1. An electric generator is a device where mechanical energy is used to rotate a conductor in a magnetic field to produce electricity.

 




2. An electric generator consists of a rotating rectangular coil ABCD placed between the two poles of a permanent magnet. The two ends of this coil are connected to the two rings R1 and R2. The two conducting stationary brushes B1 and B2 are kept pressed separately on the rings R1 and R2, respectively. The two rings R1 and R2 are internally attached to an axle.

3. The axle is mechanically rotated from outside to rotate the coil inside the magnetic field. Outer ends of the two brushes are connected to the galvanometer to show the flow of current in the given external circuit.

4. When the axle is rotated such that the arm CD moves up (and the arm AB moves down) in the magnetic field produced by the permanent magnet. Coil ABCD is rotated anticlockwise in the arrangement.

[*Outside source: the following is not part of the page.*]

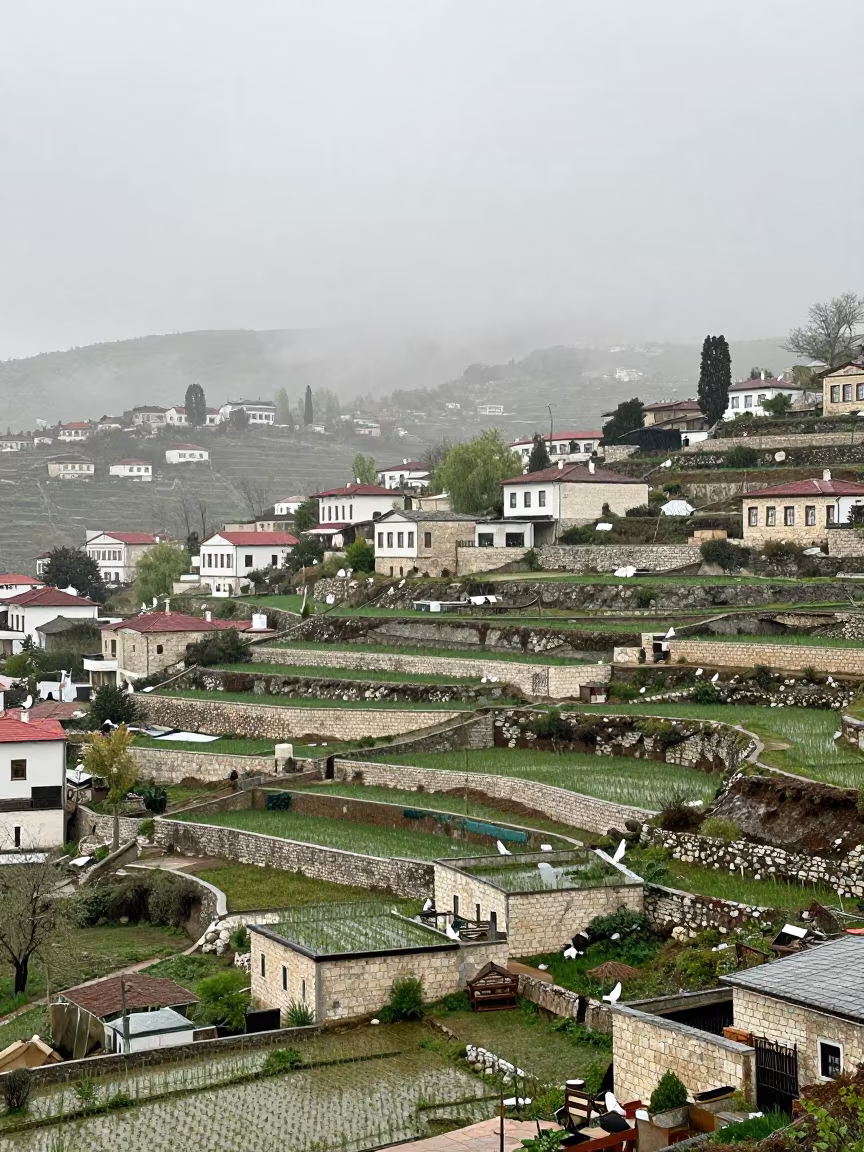 Mersin Hillside Village Misty Dawn After Rain in across a floodplain after rain near Mersin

By applying Fleming’s right-hand rule, the induced currents are set up in these arms along the directions AB and CD. The induced current flows in the direction DCBA.

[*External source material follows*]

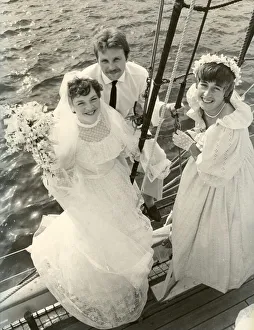 Bridesmaids Prints: Hilary Brough, 21, married Neil Sowdon an electrican, also aged 21, at Stanton Church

5. If there are larger numbers of turns in the coil, the current generated in each turn adds up to give a large current through the coil. This means that the current in the external circuit flows from B1 to B2. After half a rotation, arm AB starts moving up and CD moving down. As a result, the directions of the induced currents in both the arms change, giving rise to the net induced current in the direction ABCD. The current in the external circuit now flows from B2 to B1.

6. After every half rotation, the polarity of the current in the respective arms changes. Such a current, which changes direction after equal intervals of time, is called an alternating current (abbreviated as AC). This device is called an AC generator.

7. To get a direct current (DC, which does not change its direction with time), a split-ring type commutator must be used. With this arrangement, one brush is used at all times in contact with the arm moving up in the field, while the other is in contact with the arm moving down. Thus, a unidirectional current is produced. The generator is thus called a DC generator.

Difference between DC and AC

8. The difference between the direct and alternating currents is that the direct current always flows in one direction, whereas the alternating current reverses its direction periodically.

9. An important advantage of AC over DC is that electric power can be transmitted over long distances without much loss of energy.